Glim / Chronique LP > Aerial view of model

glim.jpg Aerial view of model, titre poétique et atmosphérique pour un album qui ne l'est pas moins. L'ambient aérien et minimaliste à tendance expérimentale de Glim déployant milles nuances tout au long des 9 plages que comptent ce deuxième album solo d'Andreas Berger, l'auditeur peut prendre le temps de se laisser aller à la contemplation. Neuf titres au cours desquels l'artiste autrichien esquisse des ambiances, structure son album comme un monument de minimalisme ambient non sans se laisser également aller à quelques fulgurances rock.

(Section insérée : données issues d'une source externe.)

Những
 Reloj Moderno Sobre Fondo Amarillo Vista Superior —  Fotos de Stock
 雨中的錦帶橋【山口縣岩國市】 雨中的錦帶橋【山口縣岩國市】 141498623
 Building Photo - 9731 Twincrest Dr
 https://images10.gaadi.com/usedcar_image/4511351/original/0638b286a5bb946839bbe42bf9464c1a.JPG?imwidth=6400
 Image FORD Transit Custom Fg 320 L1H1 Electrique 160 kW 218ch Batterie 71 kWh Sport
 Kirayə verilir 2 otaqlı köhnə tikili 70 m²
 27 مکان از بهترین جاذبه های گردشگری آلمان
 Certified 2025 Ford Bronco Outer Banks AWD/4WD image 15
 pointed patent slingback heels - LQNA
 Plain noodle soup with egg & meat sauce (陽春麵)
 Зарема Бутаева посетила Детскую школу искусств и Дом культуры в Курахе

Le terme est lâché, la musique si strastosphérique de Glim tend également vers les ambiances éthérées de My Bloody Valentine. Des mélodies acoustiques développées par la guitare nait une poésie douce et cotonneuse dans laquelle on se laisse volontiers bercer. Matinale, la musique de Glim semble se prêter à merveille à un réveil semi-conscient de son auditeur. Bien évidemment, beaucoup pourront objecter que si Aerial view of mode incite à la somnolence, c'est qu'il est ennuyeux. Soit. Mais en même temps, il y a des albums que l'on peut écouter en différents moments d'une même journée sans ressentir à chaque fois la même chose, des disques qui peuvent même véhiculer des émotions contradictoires selon les conditions dans lesquelles on les découvre.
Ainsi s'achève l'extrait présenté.